И поскольку коллеги Гостя потеряли вкус к своему благородному труду, постольку граф Толстой (после смерти друга и учителя заметно присмиревший) все чаще отправлял его с чемоданчиком на угол, куда почти ежедневно доставлялись на обшарпанном автобусе моряки из Отечества. Нехитрые правила отлова своей простодушной, но пугливой дичи он освоил быстро. Скажем, сага о гусевском побеге чаще всего заставляла моряков отворачиваться и быстрым шагом ретироваться. Напротив, полезно было в самом начале разговора, еще на ходу, ввернуть намек на то, что Гость родился здесь, в Аркадии, по улице Святого Себастьяна гуляет для собственного удовольствия, рад видеть соотечественников, извиняется за акцент. И такая кристальная искренность сквозила в его голосе, что моряки и впрямь качали головами, и похваливали язык Гостя чуть свысока, чтобы иностранец понял великодушие этого комплимента.
- Сколько же тебе за это платят? - доводилось слышать Гостю.

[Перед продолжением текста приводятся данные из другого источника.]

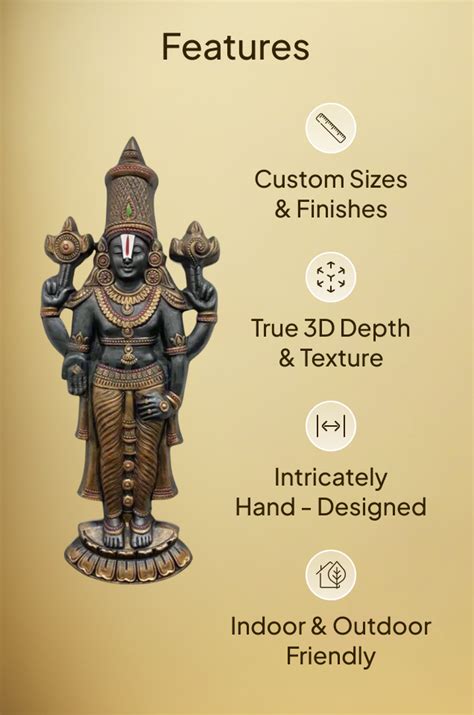 Buy Tirupati Balaji with Goddess Lakshmi 3D Wall Art Relief Mural ...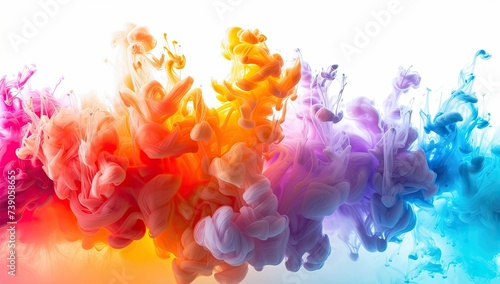 colorful ink sprayed on a white background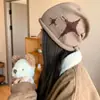 Gorro Holgado Versátil de Estrella con Cordón para Otoño e Invierno Tendencia Nuevo Gorro de Lana Tejido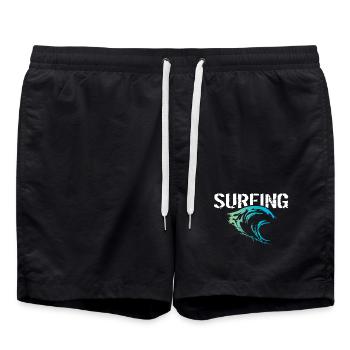 surfer surfing Symbol Welle Farben Natur Ozean - Badeshorts - Schwarz - Vorne - AI Model Male 185 light (185cm)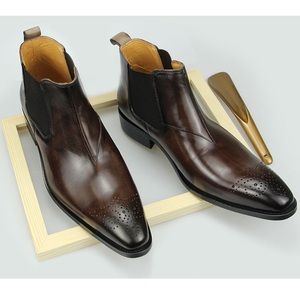 <span class=keywords><strong>Chelsea</strong></span> <span class=keywords><strong>uomo</strong></span> in vera pelle stivaletti eleganti oxford ufficio affari nero scarpe da caffè per inverno/primavera stivali <span class=keywords><strong>uomo</strong></span> - Product Image 4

И немудреная фраза гремела чугуном и медью, топорщилась зубодробительными заголовками газетных статей о мире каменных джунглей, тяжелела всем презрением штатного работника Лиги юных утопистов к заклятому врагу, вызывающему на смертный бой против светлых идеалов.
- За что? - переспрашивал Гость, как бы не замечая риторичности вопроса.
- Ну, - слегка терялся юный утопист, - за идеологическую обработку.
- Я еще и не начал вас обрабатывать, - хладнокровно отвечал Гость. - Да и зачем, - тут следовало вставить слово "ребята", - будто у самих нет головы на плечах.
Наинепринужденнейшим жестом он как бы приглашал собеседников полюбоваться невиданным богатством бульвара Святого Себастьяна, где одних колбас продавалось сто сорок сортов, и морские раки плавали в серебристом сумраке рыбных магазинов, и электронные часы, восьмое чудо света, стоили не дороже проезда в автобусе. Весна стояла теплая, из лавочек вытаскивали залежалый товар прямо на мостовые, развешивали у дверей и раскладывали на столиках под неоновыми транспарантами "Открытие магазина: Огромная скидка" и "Распродажа в связи с банкротством: все должно быть продано в течение трех дней". Правда, и те, и другие надписи успели порядком выцвести с прошлого года.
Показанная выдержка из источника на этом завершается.